I searched and searched... I know I saw it before, but now I can't seem to find it again? Feeling like a noob with tail tucked between legs, I find myself forced to ask if anyone can point me in the direction of the procedure and photo's of the ignition pick up mod?

The back-story: There have been a couple of occasions where stalling when warmed up and warm re-starts have been an issue. I bought this Vulcan used 4 months ago... my first M/C ever! :) I've done a couple of minor things to it: new YUASA AGM battery, coolant change, cleaned and die-electric all electrical connections, cleaned and die-electric all battery cable ends *including at the starter solenoid, which had a lot of rust at one of the terminals, causing a consistently slow crank speed and having to push the starter button a couple of times to get past the first compression stroke*, re-wound the ACCT springs (nice, quiet valve-train now!), leaned out the mixture screws (seemed to help a bit with warm re-starts).

Still though, on a couple of occasions during low-speed riding (parking lot practice maneuvers) the engine just quit and wouldn't re-start. It cranked over fine, all other electrical systems (lights, etc.) kept working and could smell raw fuel from the pipes... which tells me that ignition spark went away. After cooling off for about 15 minutes the engine started back up, coughed out some excess fuel and then ran fine.

So, I'm thinking that bringing the pick up coils closer to the flywheel reluctor may help with this issue.
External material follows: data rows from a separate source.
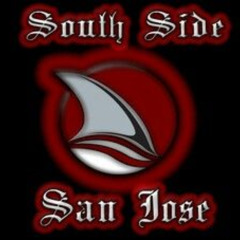 South Side San Jose Anthem - Cali B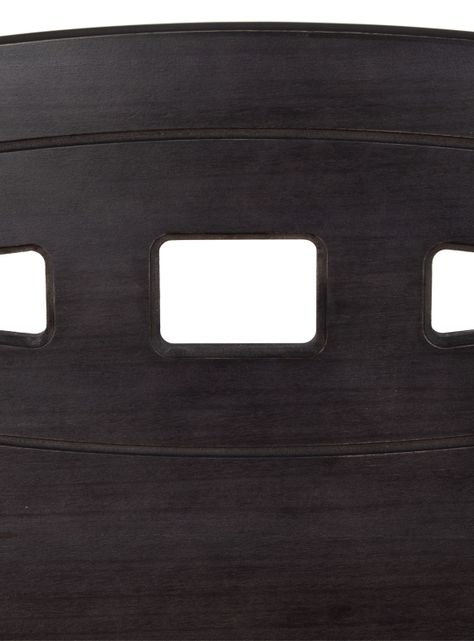 Cama Europea Súper Premium 2 Plazas Base Dividida + Respaldo Gales Negro-4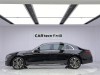 Mercedes-Benz E 300 L 2024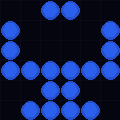 154.6.124.65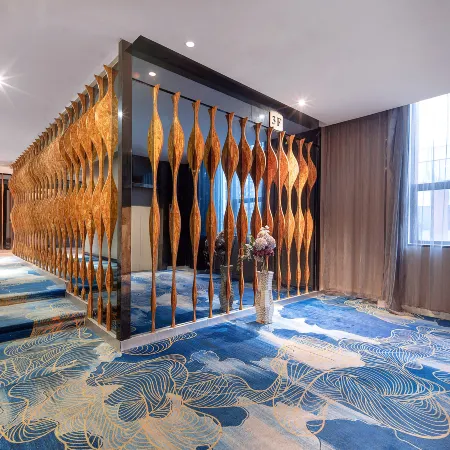K. Y. Hotel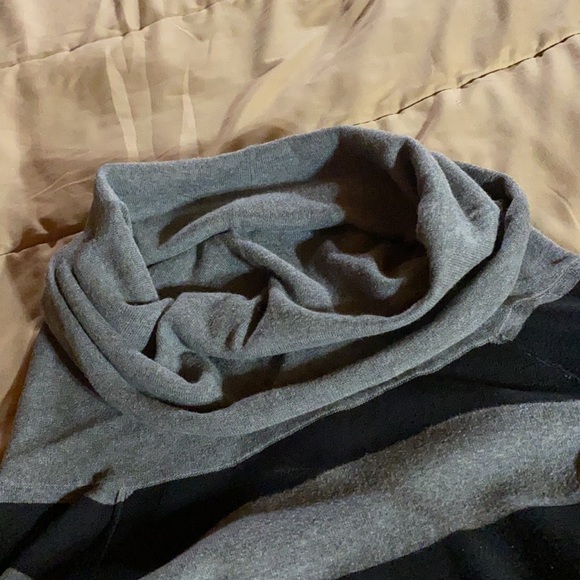 Express top - Picture 3 of 4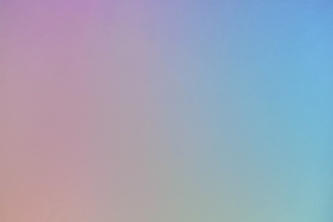 Decentralized Dreamers DAO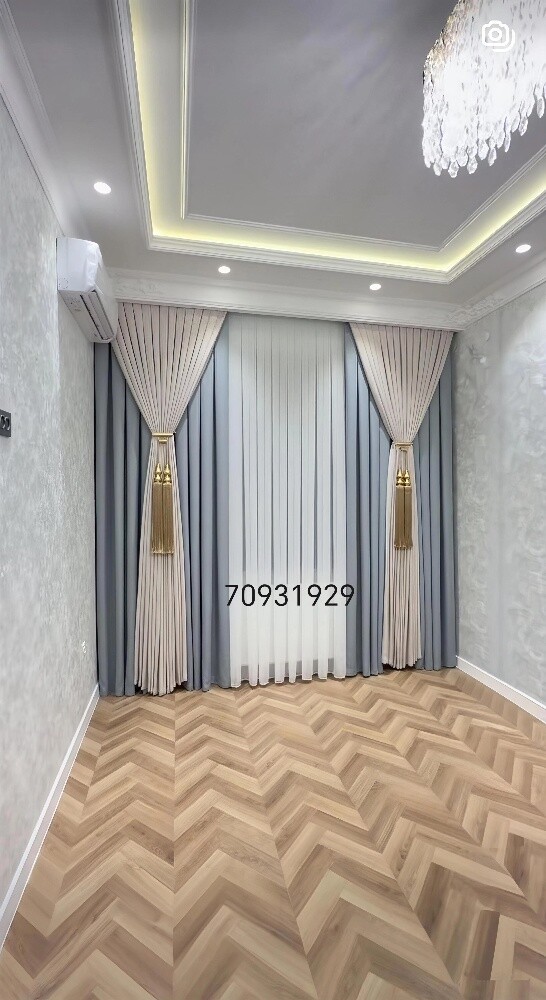مجهر - 4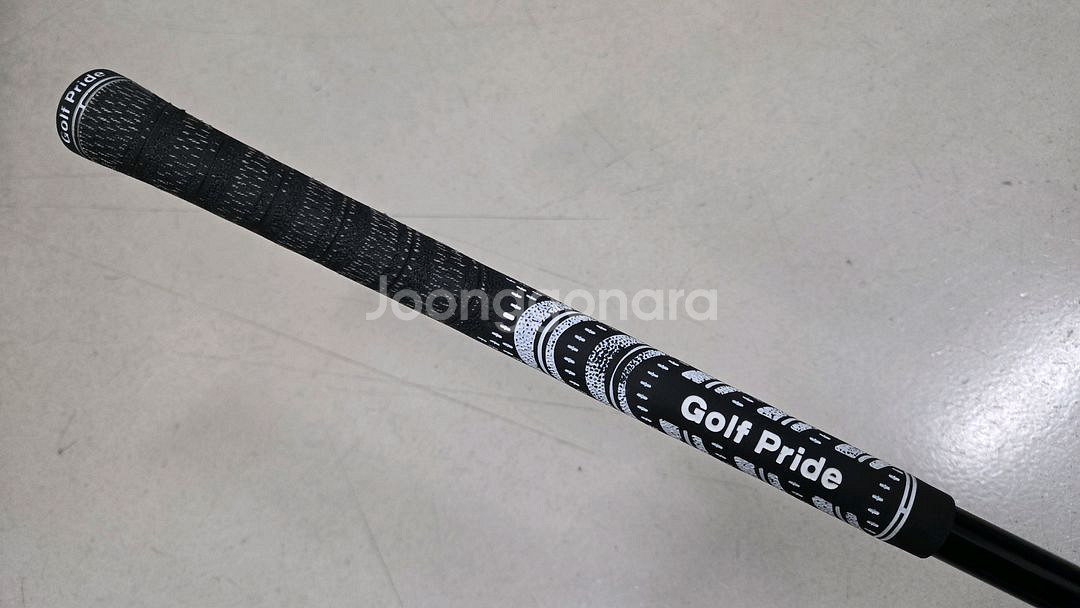 후지쿠라 스피더 NX블랙 40SR 드라이버샤프트 핑슬리--1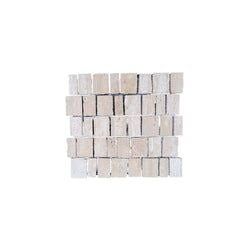Travertine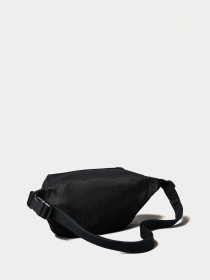 Поясная сумка Calvin Klein модель LV04D3116G-UB1 Фото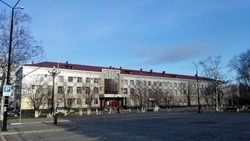 Главная типография Сахалина продлила прием заявок на конкурс логотипов до 22 января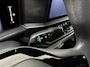Ford Transit Custom 2.0TDCI Automaat Lang Limited | 2xSchuifdeur | Multimedia | Camera | Airco | Cruise | 3-Zits | Trekhaak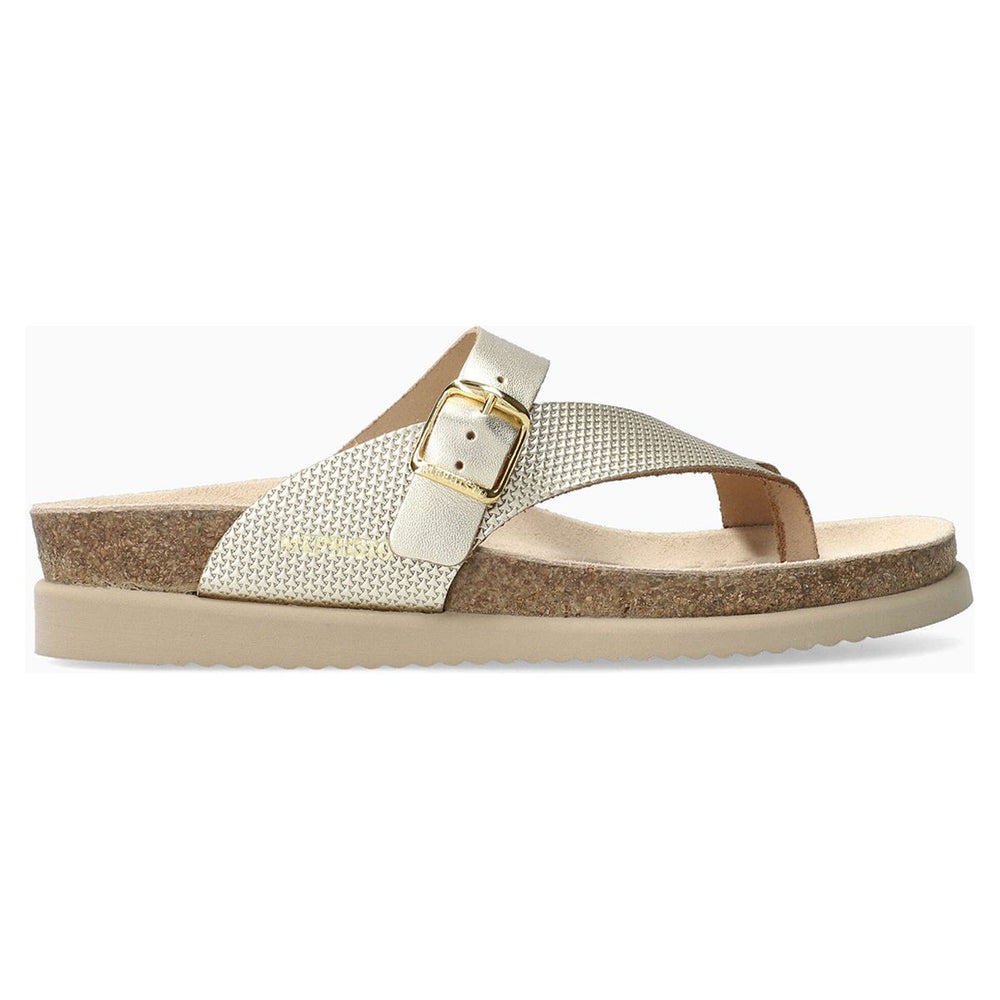 Mephisto Helen Sandals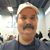 Brian Hopkins's profile image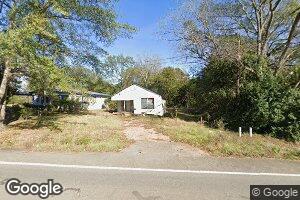 15523 Highway 9, Athens, LA 71003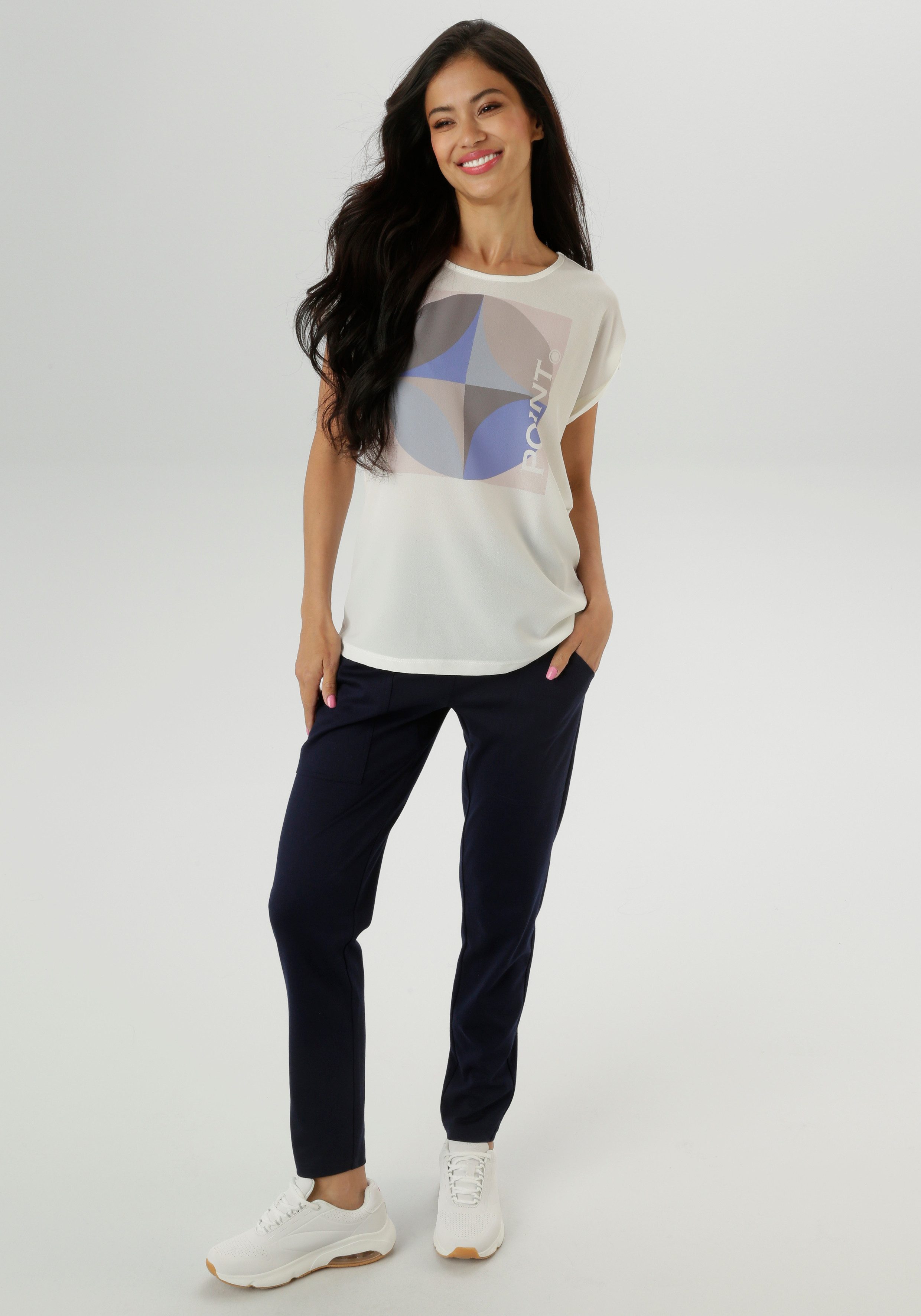 Aniston SELECTED Shirtblouse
I'm more than happy to hear any other suggestions, in case I've over-looked anything.

I have the pick up side-cover off already to do a preliminary inspection, found that the stator and pick-up wiring wasn't routed through their proper cavity. Instead they were just east of the 12 o'clock pointer, rubbing on the flywheel (I HATE following after someone else's work!) Thankfully the insulation was still intact, so I installed a wire tie (missing) and corrected that situation. I removed the hold down screws for the pick ups and slid them out. I did notice a little gray metal 'dust' on the pick ups, that didn't alarm me... what did shock me was discovering the remains of a steel washer stuck to the end of the bottom pick up coil (photo will post later tonight when I get home). I have no clue where it was supposed to be, or if it was even something accidentally left behind when the engine was previously worked on. The engine runs very well, and is quiet since I re-wound the ACCT springs. Perhaps someone here can identify it once I get a photo posted?

So... for now if someone could direct me to the procedure and photo's of the pick up coil mod, I would be grateful!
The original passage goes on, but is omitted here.